Ruth Prawer Jhabvala Heat and Dust (1975)

Ruth Prawer Jhabvala died in April 2013, aged 85.  The Telegraph obituary of her was subtitled “more than Heat and Dust”. Jhabvala did write more than Heat and Dust: she wrote twelve novels, 23 screenplays and 8 collections of short stories.  She also remains, to this day, the only person to have won the Booker Prize and an Oscar (indeed she won two, both for Best Adapted Screenplay: A Room With A View in 1986 and Howards End in 1992).  Among her novels though, Heat and Dust is almost certainly the most well known, so perhaps the subtitle is justified in terms of making people aware of her other achievements.

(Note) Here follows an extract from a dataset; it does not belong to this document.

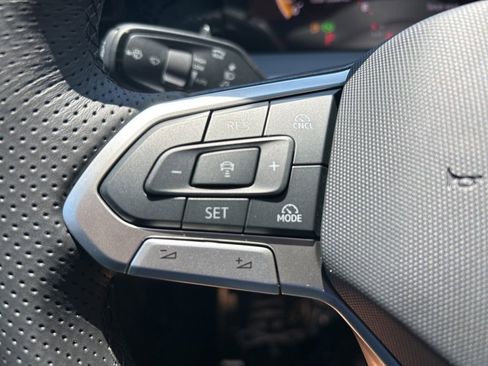 New 2026 Volkswagen Tiguan SE R-Line AWD/4WD image 28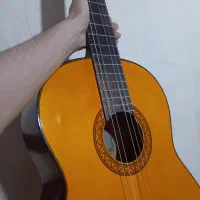 گیتار یاماهاc70 در حد اکبند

Jhabvala was born in Germany, fled the Nazis with her family to north London, married an Indian architect and moved with him to India in 1951, where she lived for 24 years.  She explained in interviews that she felt like an outsider everywhere she went, especially while living in India, and the protagonist of Heat and Dust also expresses the sentiment of being fascinated by India, yet feeling like an outsider.  The unnamed protagonist is there to research the history of her step-grandmother Olivia, an Englishwoman who caused a scandal during the days of the Raj by leaving her husband after getting pregnant by an Indian prince.  Through flashbacks the reader sees the story from Olivia’s point of view, her narrative intertwining with that of the narrator.

Heat and Dust is a relatively short novel compared to some of the Booker winners that I’ve read so far, but despite its brevity it beautifully expresses Jhabvala’s fascination and frustration with India.  Her protagonist is captivated by a country with outstanding natural beauty but is also horrified at the apparent lack of humanity among some of the people that she encounters there; a dying beggar woman is ignored by everyone until the narrator intervenes.  She describes dressing as an Indian woman but still getting called names by the children in the streets (something that Jhabvala also described happening to her).  The narrator is not the only outsider in the novel; Chid, the British would-be ascetic who ultimately relapses into his Western ways, Olivia, the spoilt British Raj trophy wife, Leelavati, the dying beggar cast out by her family.  All these outsiders try in their own way to become part of their respective communities, but ultimately fail.  This reflects Jhabvala’s own experience; she left India for good not long after writing Heat and Dust and spent the rest of her life in New York.

Heat and Dust tells a fascinating story that the reader only experiences glimpses of; rather like Jhabvala’s India, it does not give up its secrets to outsiders but I would say that it is definitely worth making the attempt to find them.